● Task to carry out
Pictures excluded, copy all of the data below exactly.

● Data section
=======
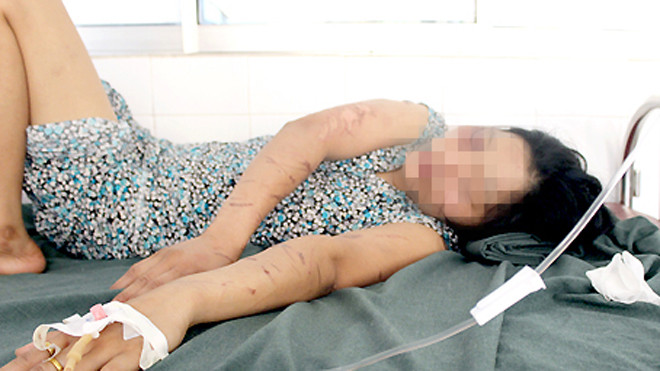 Ngoài những chấn thương trên cơ thể, chị Nguyễn Thị Kết còn bị sang chấn tâm lý.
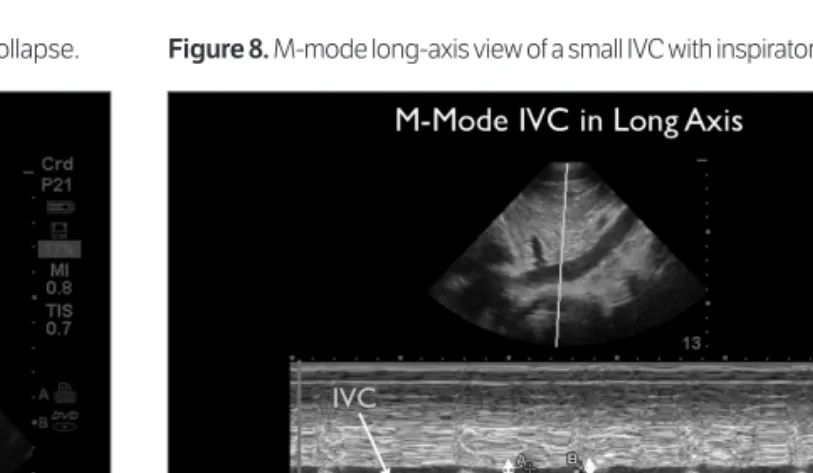 Figure 8. M-mode long-axis view of a small IVC with inspiratory collapse.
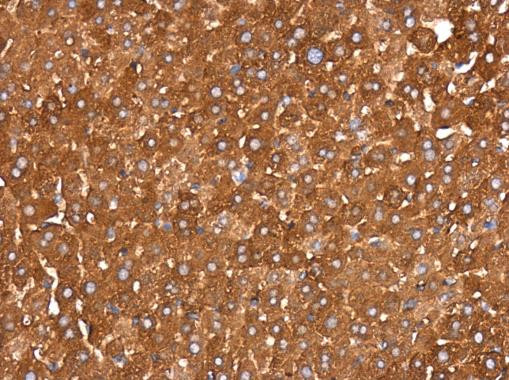 IDE Antibody in Immunohistochemistry (Paraffin) (IHC (P))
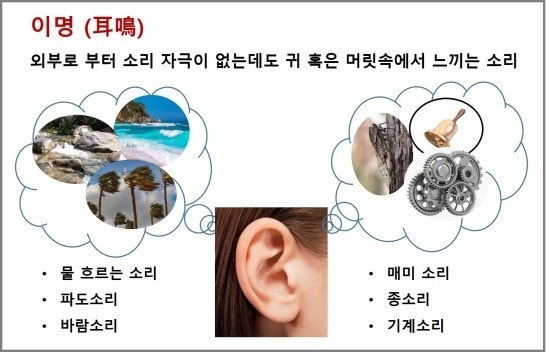 이명 원인
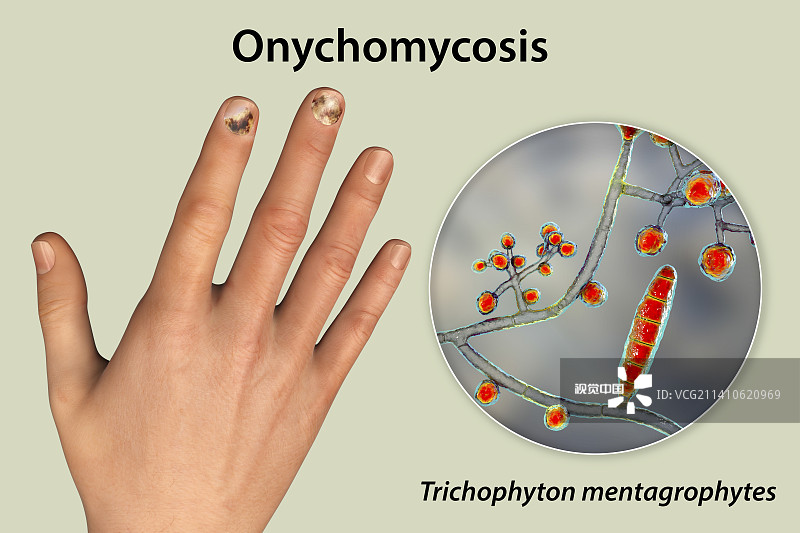 真菌指甲感染，插图图片素材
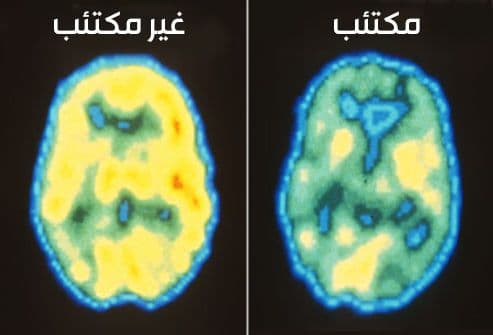 دماغ المكتئب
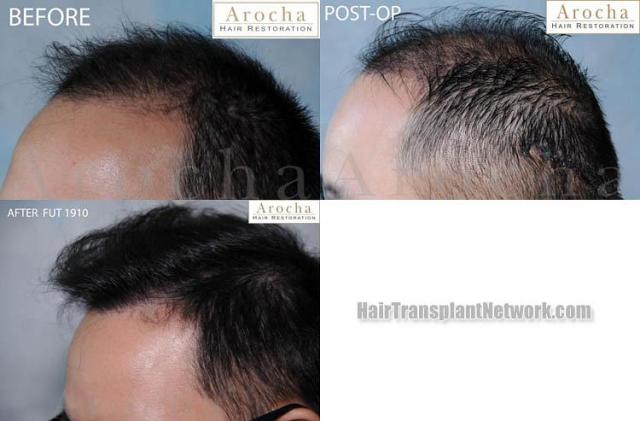 Hair transplantation surgery before and after images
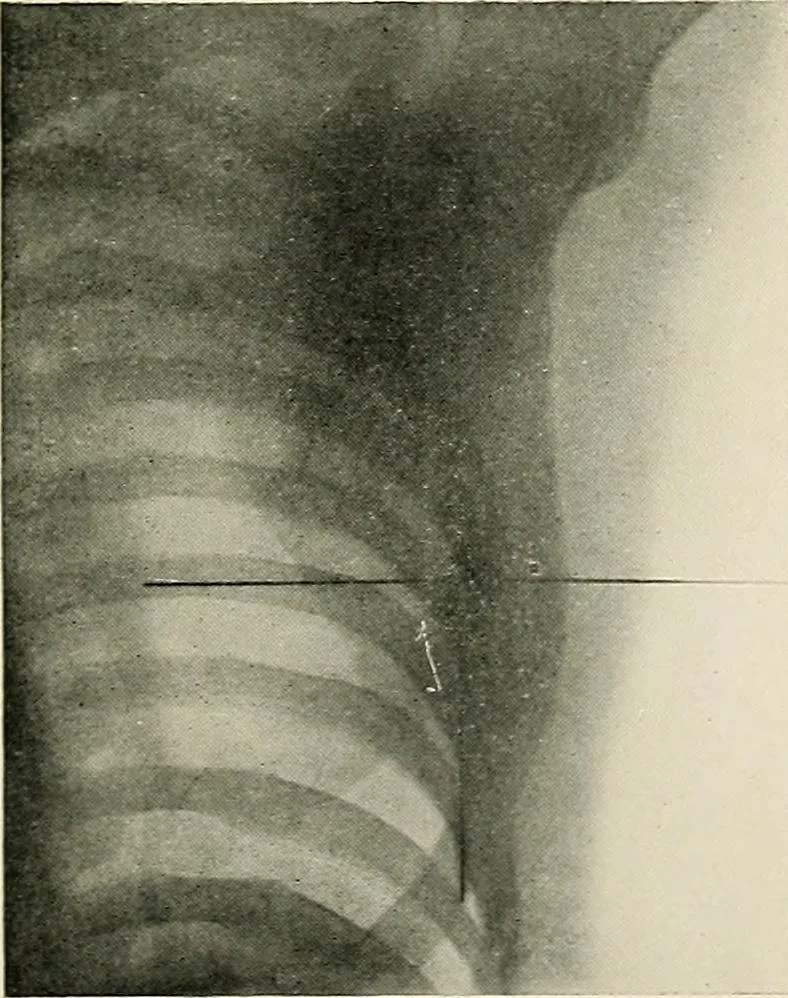 An illustration from Localization by X-rays and stereoscopy, 1916, leaf 126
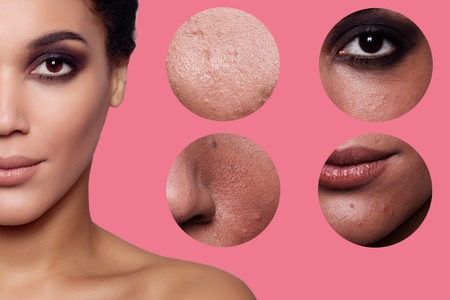 concept skincare. Skin of beauty young woman before and after the procedure on background, girl, mulatto girl. studio shotの写真素材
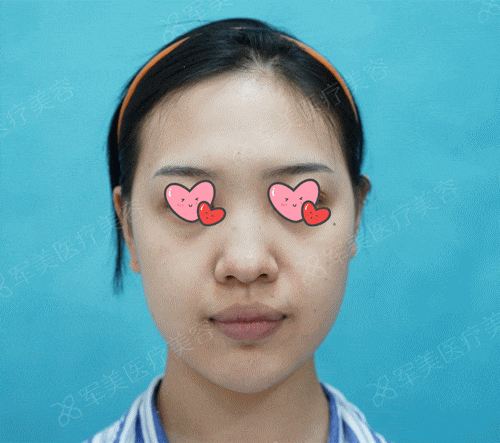 广州鼻子整形医院排名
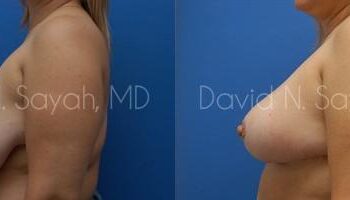 Breast Reduction Before and After | Sayah Institute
=======
● Response to this exercise
 Ngoài những chấn thương trên cơ thể, chị Nguyễn Thị Kết còn bị sang chấn tâm lý.
 Figure 8. M-mode long-axis view of a small IVC with inspiratory collapse.
 IDE Antibody in Immunohistochemistry (Paraffin) (IHC (P))
 이명 원인
 真菌指甲感染，插图图片素材
 دماغ المكتئب
 Hair transplantation surgery before and after images
 An illustration from Localization by X-rays and stereoscopy, 1916, leaf 126
 concept skincare. Skin of beauty young woman before and after the procedure on background, girl, mulatto girl. studio shotの写真素材
 广州鼻子整形医院排名
 Breast Reduction Before and After | Sayah Institute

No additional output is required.